▸ **Exercise instructions**: Take the listing below and print exactly the lines starting at the line containing "Trendnet TI-M42 - Gateway" and ending at the line containing "Camera da letto colore bianco larice Urano", both ends included, and no others.

▸ **Excerpted data**:
◆ ◆ ◆ ◆ ◆

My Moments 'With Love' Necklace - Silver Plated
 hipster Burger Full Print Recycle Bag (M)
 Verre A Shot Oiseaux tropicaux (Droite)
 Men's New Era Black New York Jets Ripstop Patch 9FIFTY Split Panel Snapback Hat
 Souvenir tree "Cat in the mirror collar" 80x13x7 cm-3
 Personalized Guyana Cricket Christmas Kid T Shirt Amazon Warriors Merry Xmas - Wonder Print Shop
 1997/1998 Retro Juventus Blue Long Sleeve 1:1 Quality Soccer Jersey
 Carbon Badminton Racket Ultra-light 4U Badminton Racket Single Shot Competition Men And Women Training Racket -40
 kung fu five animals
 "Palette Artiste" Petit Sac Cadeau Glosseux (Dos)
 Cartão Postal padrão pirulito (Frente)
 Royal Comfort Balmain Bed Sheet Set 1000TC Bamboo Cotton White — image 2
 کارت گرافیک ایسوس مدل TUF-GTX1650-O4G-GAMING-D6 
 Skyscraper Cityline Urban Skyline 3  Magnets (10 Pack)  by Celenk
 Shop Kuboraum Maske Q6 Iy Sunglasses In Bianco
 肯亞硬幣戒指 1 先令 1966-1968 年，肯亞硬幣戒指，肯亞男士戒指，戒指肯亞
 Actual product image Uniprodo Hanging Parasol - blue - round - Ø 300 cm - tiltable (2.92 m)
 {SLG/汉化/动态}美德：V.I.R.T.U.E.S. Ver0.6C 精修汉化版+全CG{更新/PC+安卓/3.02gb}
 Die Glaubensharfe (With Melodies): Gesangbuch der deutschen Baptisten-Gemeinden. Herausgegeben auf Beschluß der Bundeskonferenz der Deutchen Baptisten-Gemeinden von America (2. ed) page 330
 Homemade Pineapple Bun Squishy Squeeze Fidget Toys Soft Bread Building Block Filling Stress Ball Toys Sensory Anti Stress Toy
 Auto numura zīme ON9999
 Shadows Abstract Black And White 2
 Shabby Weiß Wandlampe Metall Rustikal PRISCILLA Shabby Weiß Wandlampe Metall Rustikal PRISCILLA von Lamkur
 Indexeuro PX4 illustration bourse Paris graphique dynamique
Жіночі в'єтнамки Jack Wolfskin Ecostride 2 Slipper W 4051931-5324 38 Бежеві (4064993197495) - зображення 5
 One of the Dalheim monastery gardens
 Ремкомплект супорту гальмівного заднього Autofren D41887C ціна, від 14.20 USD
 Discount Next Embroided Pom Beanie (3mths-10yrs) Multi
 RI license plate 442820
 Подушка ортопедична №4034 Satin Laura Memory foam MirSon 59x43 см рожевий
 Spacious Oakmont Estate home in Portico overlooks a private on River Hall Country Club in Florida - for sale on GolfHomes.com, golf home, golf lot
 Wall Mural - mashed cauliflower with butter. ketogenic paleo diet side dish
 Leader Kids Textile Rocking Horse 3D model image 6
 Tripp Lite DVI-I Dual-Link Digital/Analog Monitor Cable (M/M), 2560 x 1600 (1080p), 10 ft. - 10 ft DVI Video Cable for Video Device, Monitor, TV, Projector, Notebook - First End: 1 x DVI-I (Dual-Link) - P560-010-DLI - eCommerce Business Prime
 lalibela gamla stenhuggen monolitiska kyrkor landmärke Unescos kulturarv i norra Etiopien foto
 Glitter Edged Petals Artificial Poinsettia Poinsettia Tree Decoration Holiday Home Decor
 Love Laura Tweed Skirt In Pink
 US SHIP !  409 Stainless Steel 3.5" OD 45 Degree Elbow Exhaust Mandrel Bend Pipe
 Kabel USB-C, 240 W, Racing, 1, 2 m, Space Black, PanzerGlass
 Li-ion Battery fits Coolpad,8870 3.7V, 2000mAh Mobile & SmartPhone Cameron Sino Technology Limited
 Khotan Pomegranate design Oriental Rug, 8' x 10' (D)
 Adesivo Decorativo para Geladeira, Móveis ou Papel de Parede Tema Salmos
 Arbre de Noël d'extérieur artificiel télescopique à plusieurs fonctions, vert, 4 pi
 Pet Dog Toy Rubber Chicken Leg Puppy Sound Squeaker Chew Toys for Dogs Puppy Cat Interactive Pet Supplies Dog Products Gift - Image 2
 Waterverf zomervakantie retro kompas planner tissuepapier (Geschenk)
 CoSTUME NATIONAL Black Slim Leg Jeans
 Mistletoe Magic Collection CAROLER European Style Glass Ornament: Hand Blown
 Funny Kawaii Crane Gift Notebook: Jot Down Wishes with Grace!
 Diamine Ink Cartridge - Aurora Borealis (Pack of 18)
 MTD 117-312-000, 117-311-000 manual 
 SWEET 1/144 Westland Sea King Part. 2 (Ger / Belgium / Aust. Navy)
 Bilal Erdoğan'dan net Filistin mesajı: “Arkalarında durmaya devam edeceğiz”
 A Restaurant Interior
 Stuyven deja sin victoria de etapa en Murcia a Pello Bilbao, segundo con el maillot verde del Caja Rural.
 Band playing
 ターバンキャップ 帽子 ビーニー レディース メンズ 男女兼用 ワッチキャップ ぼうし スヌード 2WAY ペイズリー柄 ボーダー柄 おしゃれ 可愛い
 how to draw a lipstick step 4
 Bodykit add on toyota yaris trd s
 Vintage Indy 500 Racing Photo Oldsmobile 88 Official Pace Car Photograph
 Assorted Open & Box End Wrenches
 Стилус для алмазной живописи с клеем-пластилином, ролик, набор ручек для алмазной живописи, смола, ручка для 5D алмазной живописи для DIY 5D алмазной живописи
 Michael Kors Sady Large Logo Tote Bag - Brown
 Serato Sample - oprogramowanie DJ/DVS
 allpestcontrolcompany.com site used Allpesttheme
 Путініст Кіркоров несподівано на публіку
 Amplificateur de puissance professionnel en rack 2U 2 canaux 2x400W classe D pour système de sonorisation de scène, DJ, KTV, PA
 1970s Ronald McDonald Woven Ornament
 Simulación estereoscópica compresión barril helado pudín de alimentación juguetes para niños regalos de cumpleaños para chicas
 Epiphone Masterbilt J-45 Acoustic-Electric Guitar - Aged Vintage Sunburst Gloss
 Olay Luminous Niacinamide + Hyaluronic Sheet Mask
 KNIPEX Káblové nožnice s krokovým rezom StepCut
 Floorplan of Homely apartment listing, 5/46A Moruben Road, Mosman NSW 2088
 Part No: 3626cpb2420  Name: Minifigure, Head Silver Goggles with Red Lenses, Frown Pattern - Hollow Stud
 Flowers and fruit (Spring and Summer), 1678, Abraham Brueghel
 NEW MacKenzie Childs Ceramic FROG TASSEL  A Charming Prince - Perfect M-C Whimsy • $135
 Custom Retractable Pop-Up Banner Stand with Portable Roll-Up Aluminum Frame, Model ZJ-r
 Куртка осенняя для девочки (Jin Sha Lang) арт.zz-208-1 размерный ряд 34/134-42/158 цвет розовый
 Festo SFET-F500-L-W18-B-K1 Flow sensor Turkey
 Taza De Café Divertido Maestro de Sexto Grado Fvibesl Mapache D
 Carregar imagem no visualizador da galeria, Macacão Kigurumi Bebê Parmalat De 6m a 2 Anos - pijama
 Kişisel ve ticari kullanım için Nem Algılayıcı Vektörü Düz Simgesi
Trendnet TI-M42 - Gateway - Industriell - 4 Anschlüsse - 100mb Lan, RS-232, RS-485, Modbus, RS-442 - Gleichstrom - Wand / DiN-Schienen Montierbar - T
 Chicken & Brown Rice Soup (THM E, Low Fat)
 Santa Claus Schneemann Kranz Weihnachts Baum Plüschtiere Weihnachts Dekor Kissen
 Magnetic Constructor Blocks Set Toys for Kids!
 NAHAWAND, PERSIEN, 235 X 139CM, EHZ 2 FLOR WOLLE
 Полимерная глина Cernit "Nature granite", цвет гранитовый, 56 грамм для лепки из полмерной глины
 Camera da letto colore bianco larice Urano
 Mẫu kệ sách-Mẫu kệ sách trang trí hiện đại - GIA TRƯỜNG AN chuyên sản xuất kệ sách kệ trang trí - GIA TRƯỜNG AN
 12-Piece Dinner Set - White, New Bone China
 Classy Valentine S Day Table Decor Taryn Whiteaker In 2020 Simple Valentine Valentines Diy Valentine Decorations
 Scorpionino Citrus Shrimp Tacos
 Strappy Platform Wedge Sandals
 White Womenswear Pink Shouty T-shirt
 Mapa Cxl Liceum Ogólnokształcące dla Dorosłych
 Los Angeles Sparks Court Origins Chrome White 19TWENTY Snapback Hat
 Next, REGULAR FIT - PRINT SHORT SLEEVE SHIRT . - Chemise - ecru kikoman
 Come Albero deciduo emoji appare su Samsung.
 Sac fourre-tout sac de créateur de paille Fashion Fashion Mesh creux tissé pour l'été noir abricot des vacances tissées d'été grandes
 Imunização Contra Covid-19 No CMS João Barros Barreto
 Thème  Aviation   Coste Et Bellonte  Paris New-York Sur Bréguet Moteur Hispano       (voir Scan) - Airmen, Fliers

◆ ◆ ◆ ◆ ◆

▸ **The answer**:
Trendnet TI-M42 - Gateway - Industriell - 4 Anschlüsse - 100mb Lan, RS-232, RS-485, Modbus, RS-442 - Gleichstrom - Wand / DiN-Schienen Montierbar - T
 Chicken & Brown Rice Soup (THM E, Low Fat)
 Santa Claus Schneemann Kranz Weihnachts Baum Plüschtiere Weihnachts Dekor Kissen
 Magnetic Constructor Blocks Set Toys for Kids!
 NAHAWAND, PERSIEN, 235 X 139CM, EHZ 2 FLOR WOLLE
 Полимерная глина Cernit "Nature granite", цвет гранитовый, 56 грамм для лепки из полмерной глины
 Camera da letto colore bianco larice Urano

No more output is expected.